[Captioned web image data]

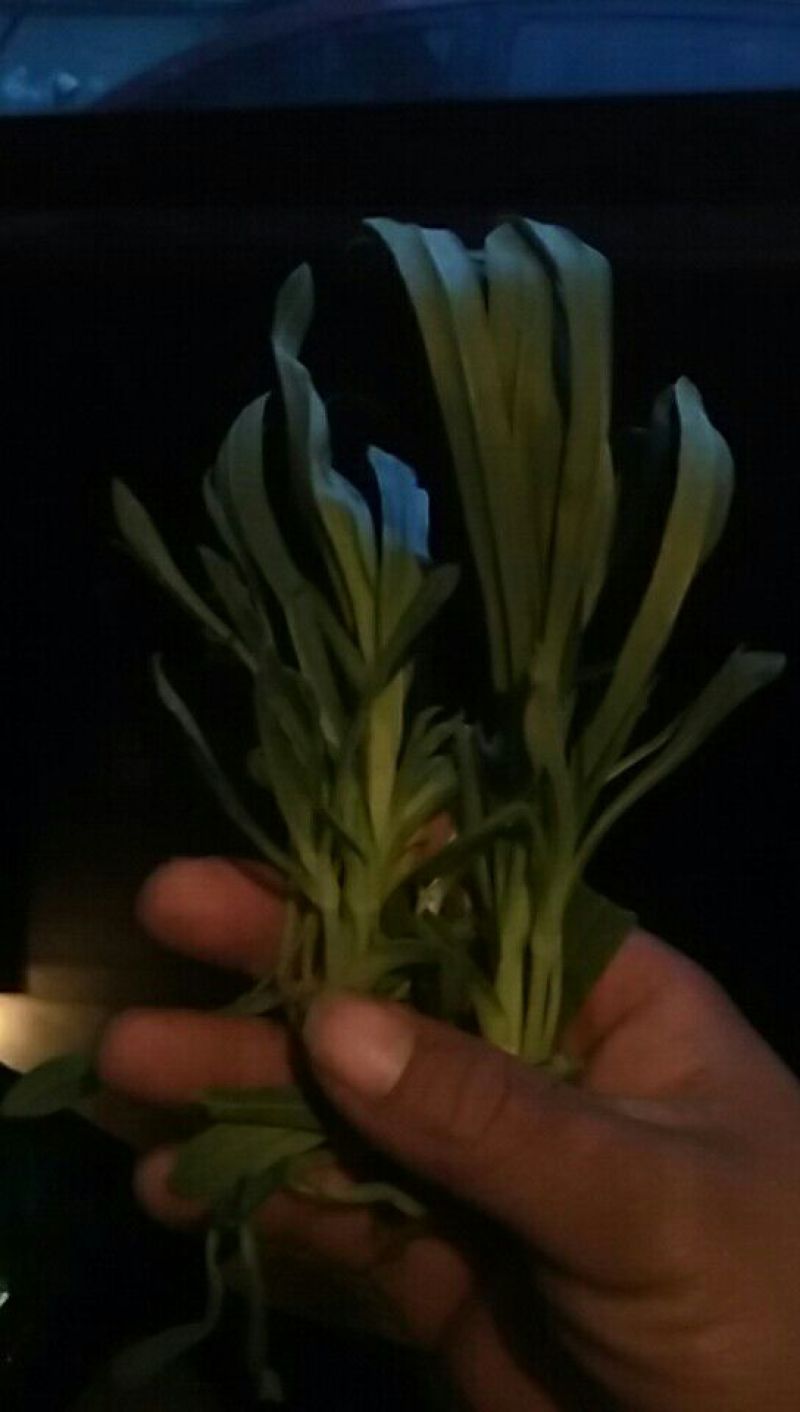 面条菜10~20cm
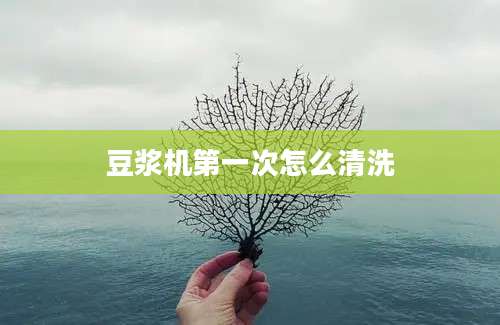 豆浆机第一次怎么清洗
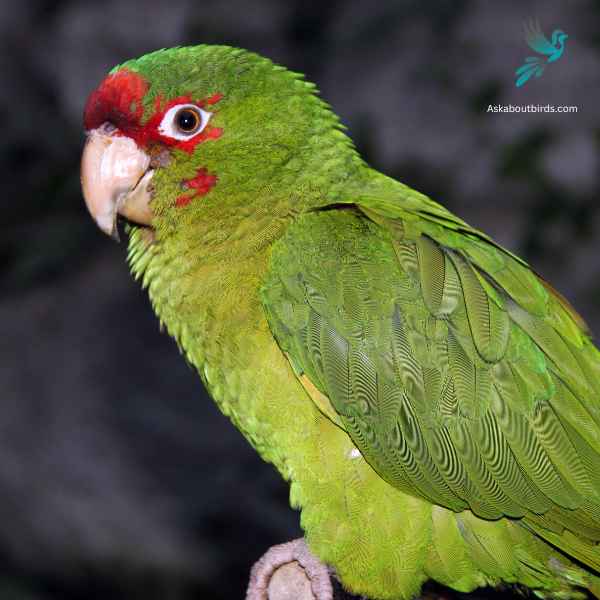 Red masked Parakeet close up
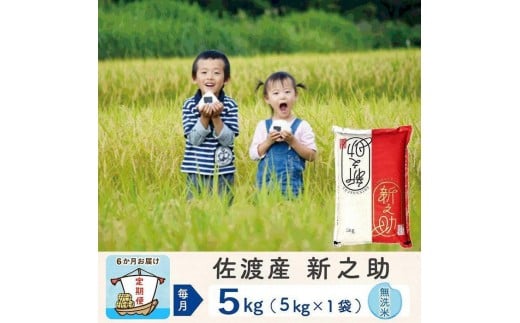 
                  【6か月定期便】佐渡島産 新之助 無洗米5Kg 令和7年
                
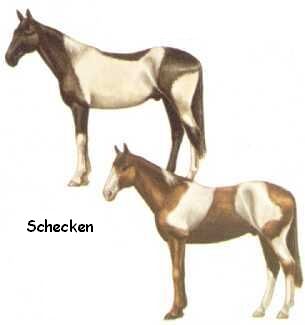 Schecken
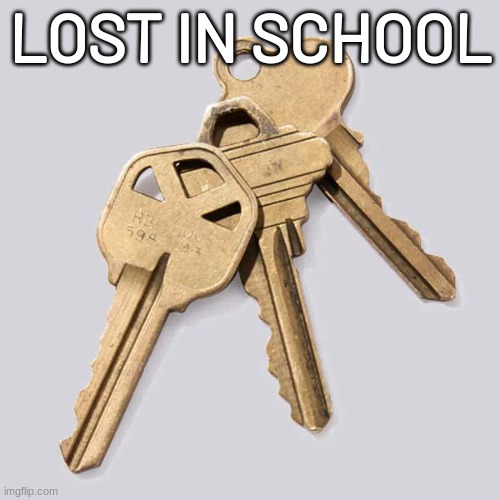 LOST IN SCHOOL | image tagged in memes,funny | made w/ Imgflip meme maker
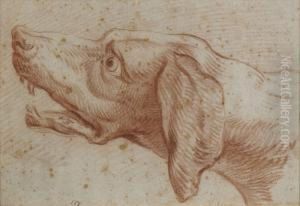 Tete De Chien De Chasse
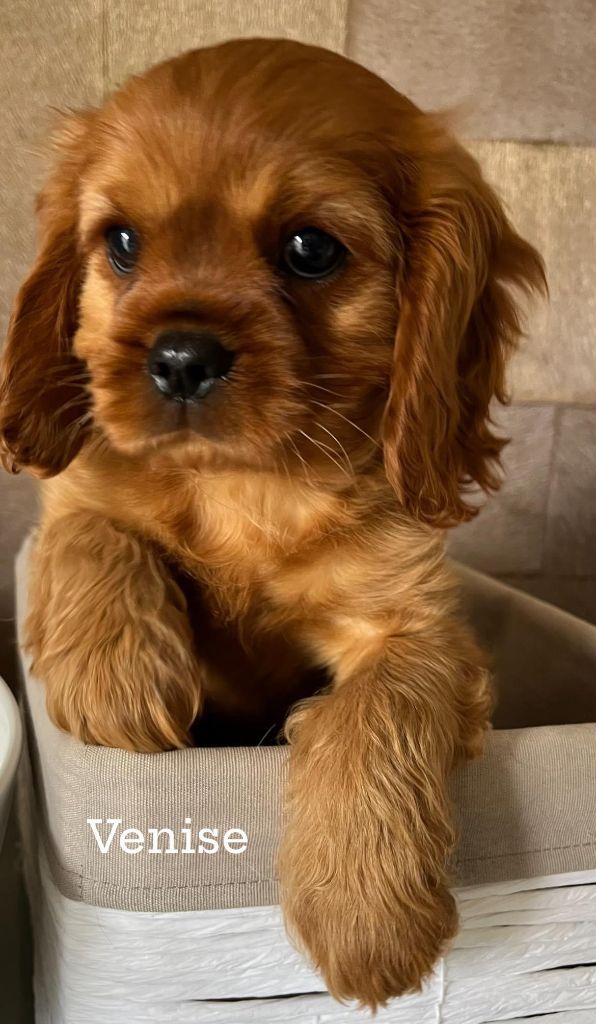 CHIOT 3 - Cavalier King Charles Spaniel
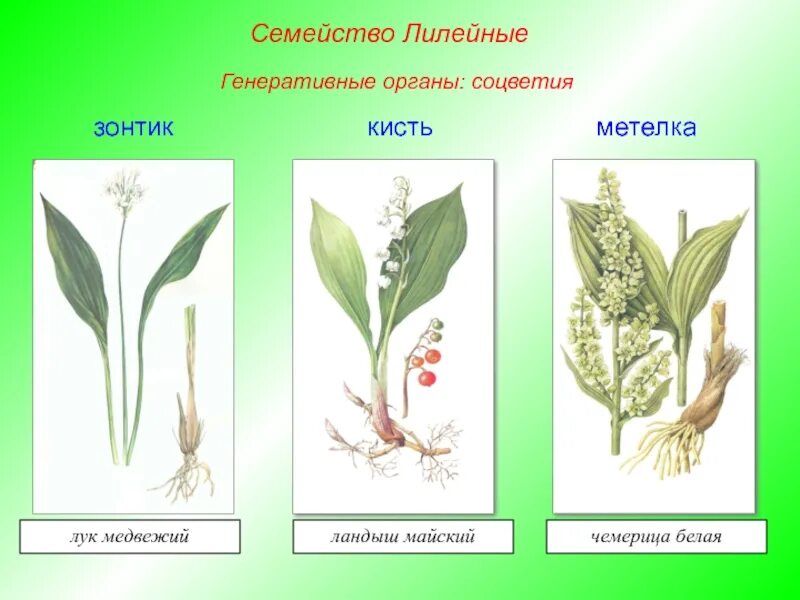 Соцветие лилейных растений. Лилейные соцветие биология 6 класс. Семейство лилейные плод коробочка. Соцветие цветка семейства лилейные. Семейство лилейные соцветие.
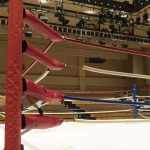 プロレス記念日(7月30日)|意味や由来・広報PRに活用するポイントと事例を紹介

**Task objective**
Could you write out, word for word, the lines from the one containing "Tete De Chien De Chasse" through the last line of the records, leaving out the pictures?

**Answer area**
 Tete De Chien De Chasse
 CHIOT 3 - Cavalier King Charles Spaniel
 Соцветие лилейных растений. Лилейные соцветие биология 6 класс. Семейство лилейные плод коробочка. Соцветие цветка семейства лилейные. Семейство лилейные соцветие.
 プロレス記念日(7月30日)|意味や由来・広報PRに活用するポイントと事例を紹介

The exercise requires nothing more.